(Pictures with short captions)
===
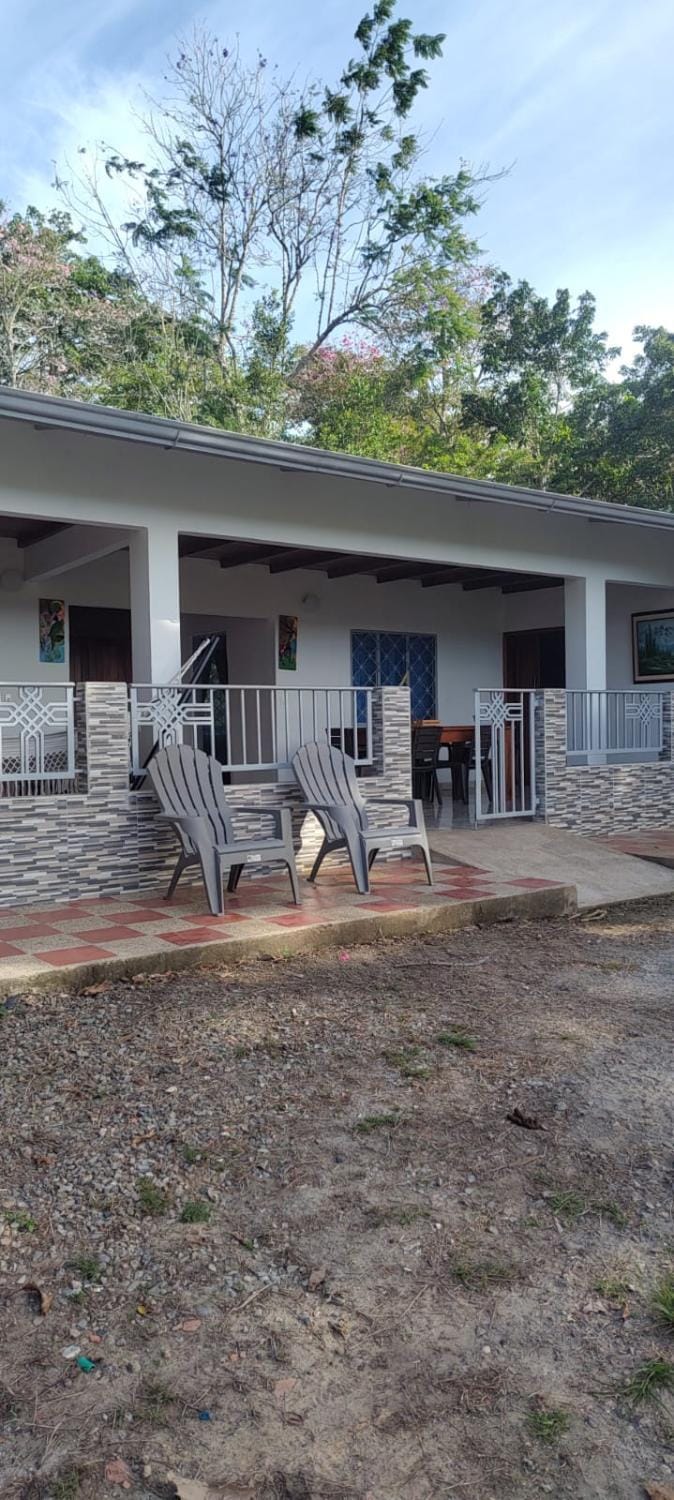 Villa la ceiba Villa in Caldas, Colombia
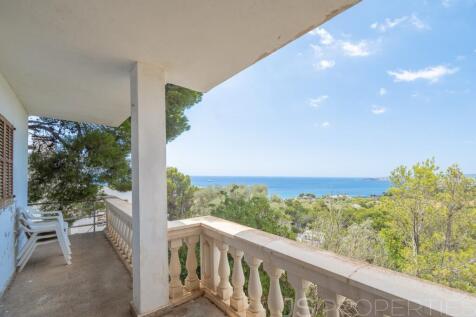 HOUSE IN COSTA D&#39;EN BLANES WITH UNIQUE VIEWS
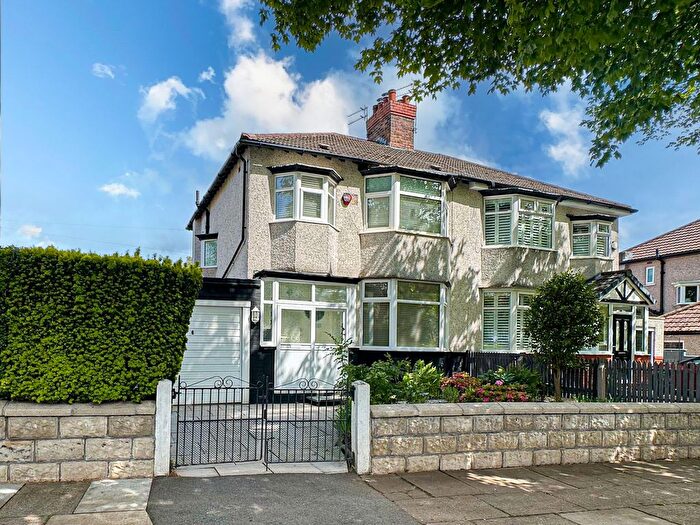 3 Bedroom Semi-Detached House For Sale In Brodie Avenue, Liverpool, L18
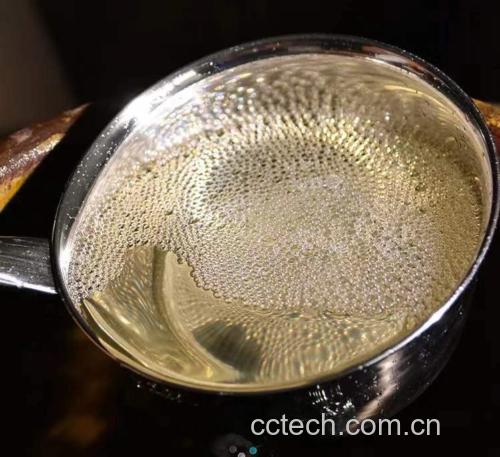 正在沸水中焯水的白扁豆,锅边有蒸汽升腾 白扁豆焯水过程图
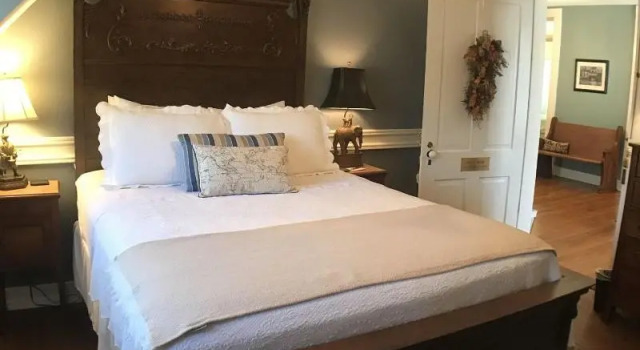 Kennedy Manor B&B, Book Bed and Breakfast 3-stjernede hoteller i Jefferson, 3*
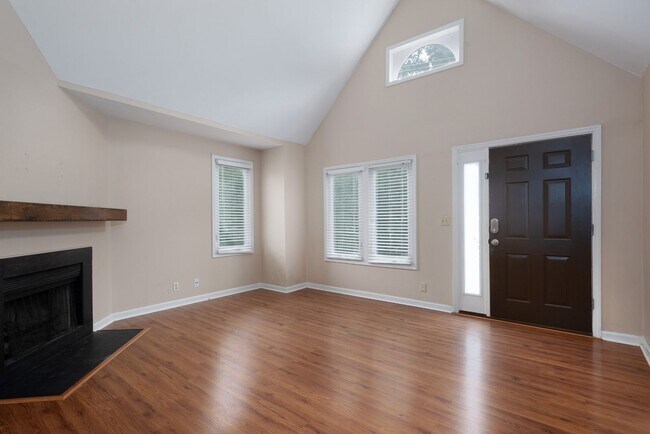 Foto del edificio - Updated Condo Steps from Vanderbilt with P...
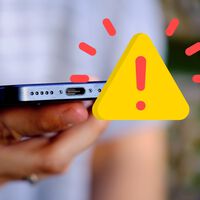 Apple no quería cambiar al USB-C. Un experto en seguridad le ha dado la razón: el nuevo puerto del iPhone puede ser hackeado 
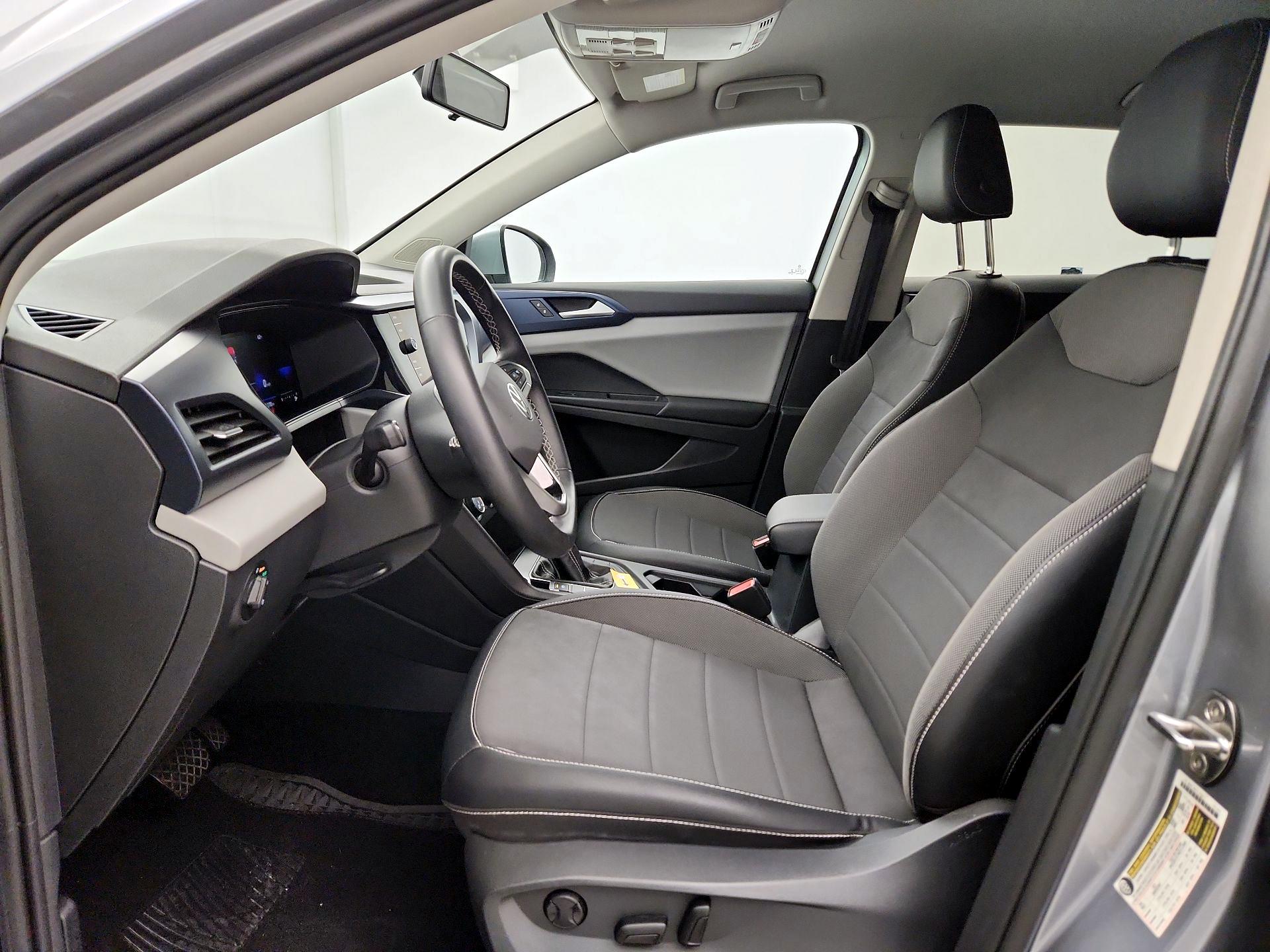 Thumbnail: 2022 Volkswagen Taos - 11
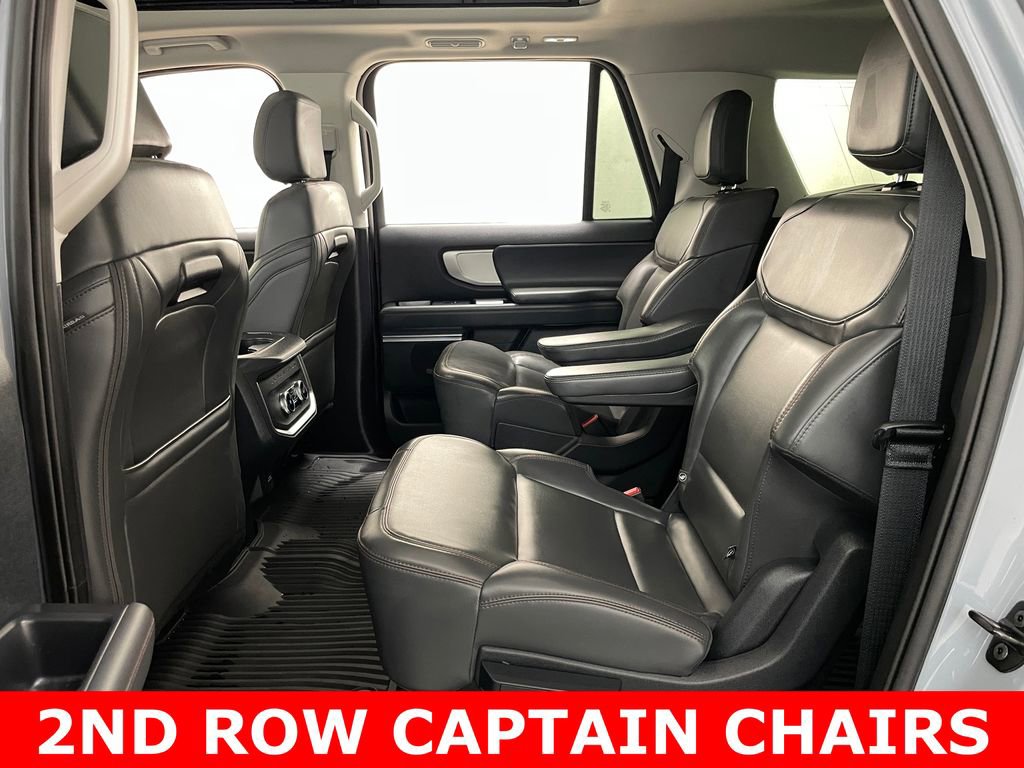 Used 2025 Ford Expedition Max Active AWD/4WD image 13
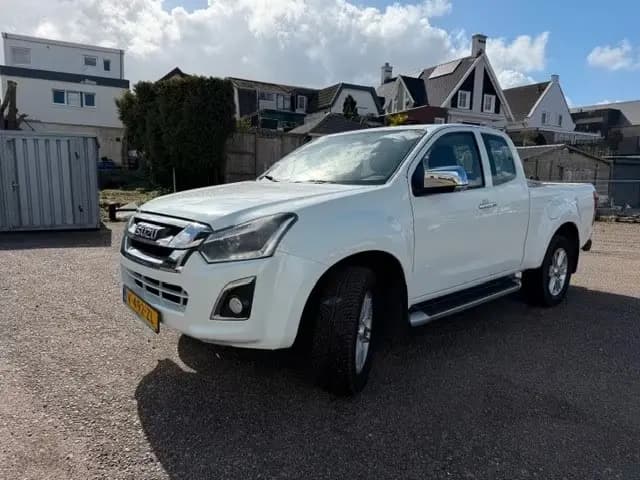 Main__Slider__Photo:Isuzu D-Max Extra  Cab 4WD IINSTYLE !AUTOMAAT -KLIMA ! 08/2019-0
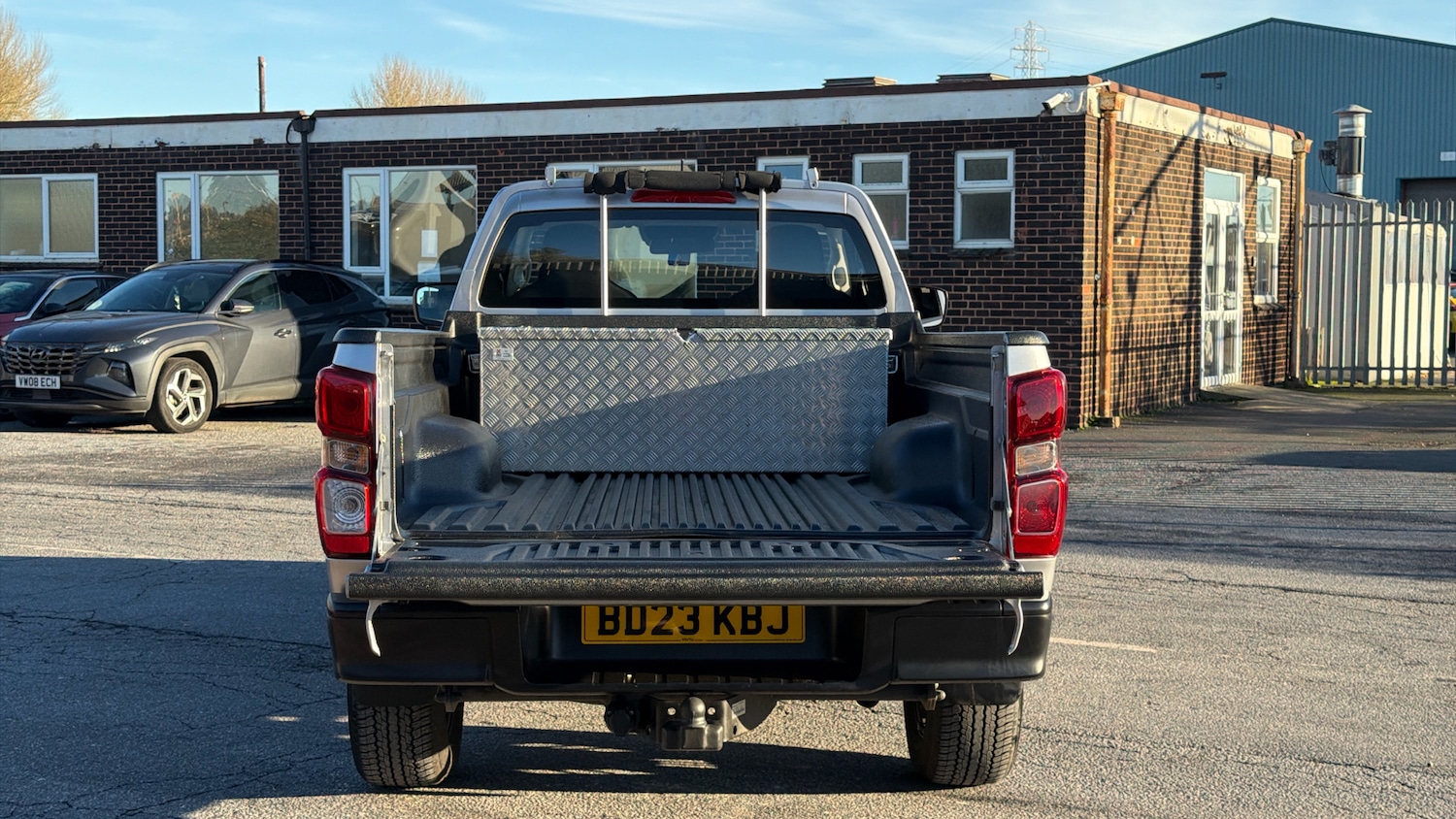 Used Isuzu D-Max 2023 for sale - 76580661: Photo 3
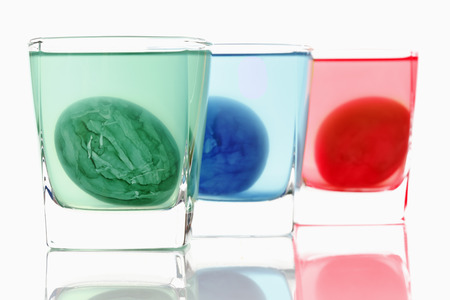 Dyeing of Easter eggs in glasses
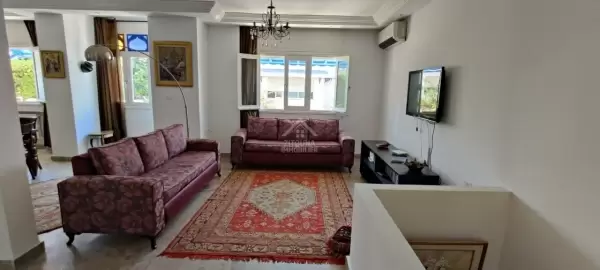 A louer un bel appartement meublé à Sidi Bousaid avec une belle terrasse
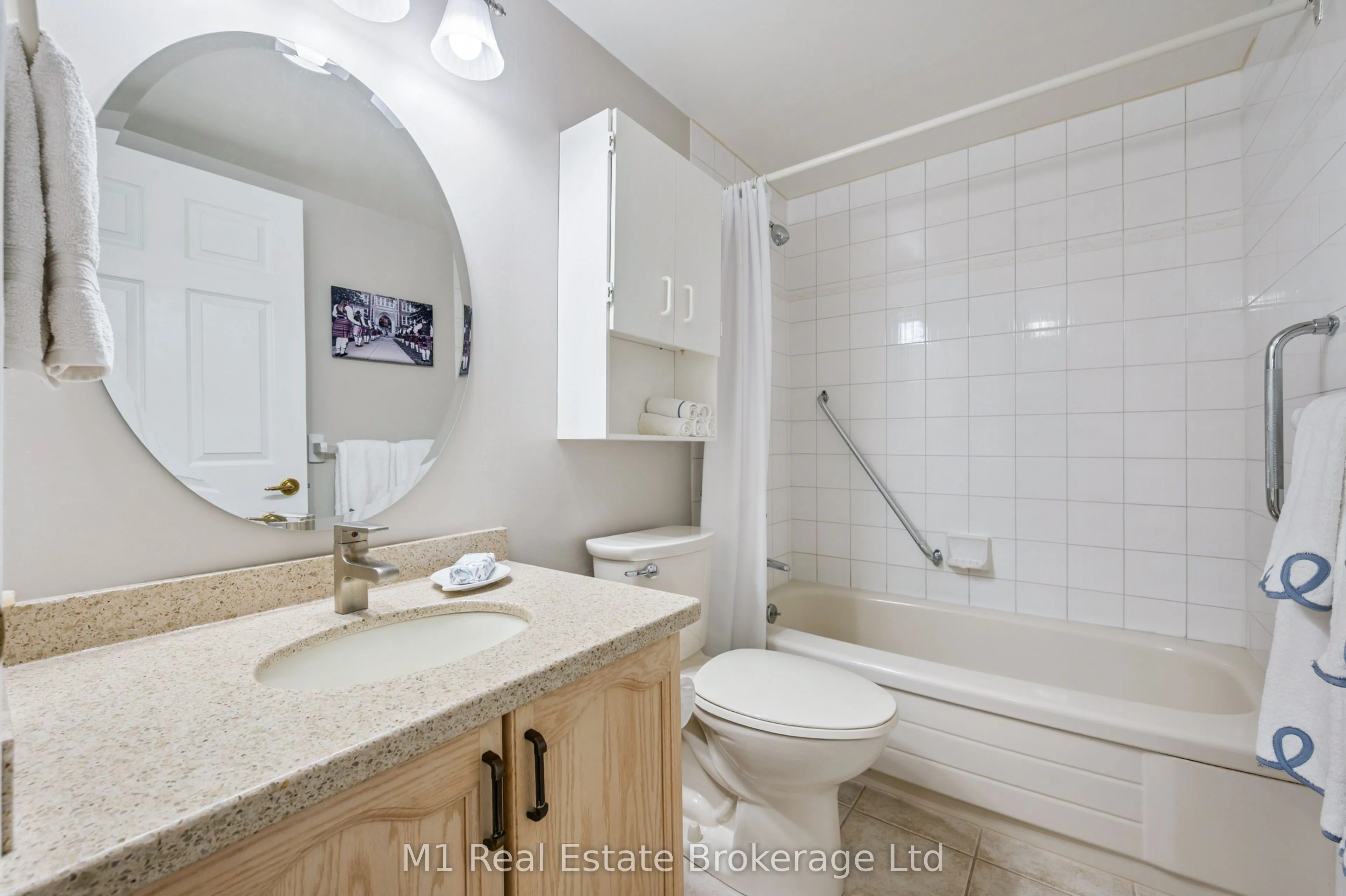 237 King Street W, #506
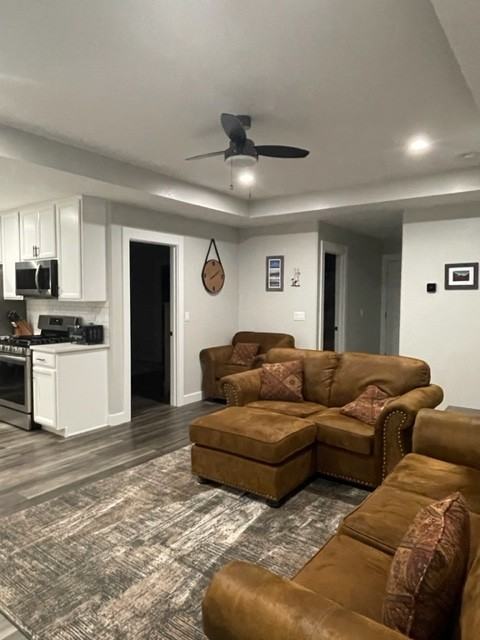 6161 W Admiralty Cir #1 - Photo 4 of 30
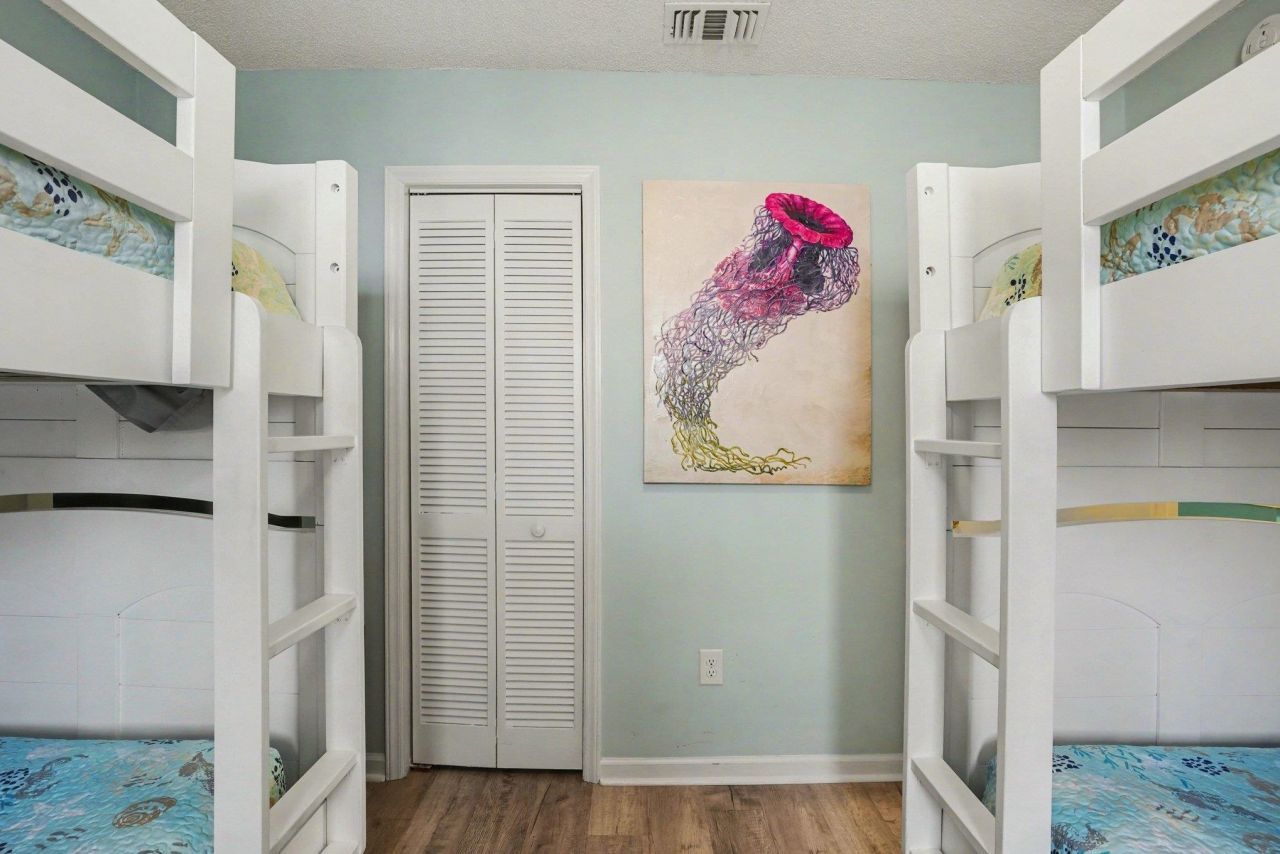 1425 N Waccamaw Dr. Photo 21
===
• _Exercise details_:
Your answer should be an exact copy of the entries above, with no images included.

• _Output of the task_:
 Villa la ceiba Villa in Caldas, Colombia
 HOUSE IN COSTA D&#39;EN BLANES WITH UNIQUE VIEWS
 3 Bedroom Semi-Detached House For Sale In Brodie Avenue, Liverpool, L18
 正在沸水中焯水的白扁豆,锅边有蒸汽升腾 白扁豆焯水过程图
 Kennedy Manor B&B, Book Bed and Breakfast 3-stjernede hoteller i Jefferson, 3*
 Foto del edificio - Updated Condo Steps from Vanderbilt with P...
 Apple no quería cambiar al USB-C. Un experto en seguridad le ha dado la razón: el nuevo puerto del iPhone puede ser hackeado 
 Thumbnail: 2022 Volkswagen Taos - 11
 Used 2025 Ford Expedition Max Active AWD/4WD image 13
 Main__Slider__Photo:Isuzu D-Max Extra  Cab 4WD IINSTYLE !AUTOMAAT -KLIMA ! 08/2019-0
 Used Isuzu D-Max 2023 for sale - 76580661: Photo 3
 Dyeing of Easter eggs in glasses
 A louer un bel appartement meublé à Sidi Bousaid avec une belle terrasse
 237 King Street W, #506
 6161 W Admiralty Cir #1 - Photo 4 of 30
 1425 N Waccamaw Dr. Photo 21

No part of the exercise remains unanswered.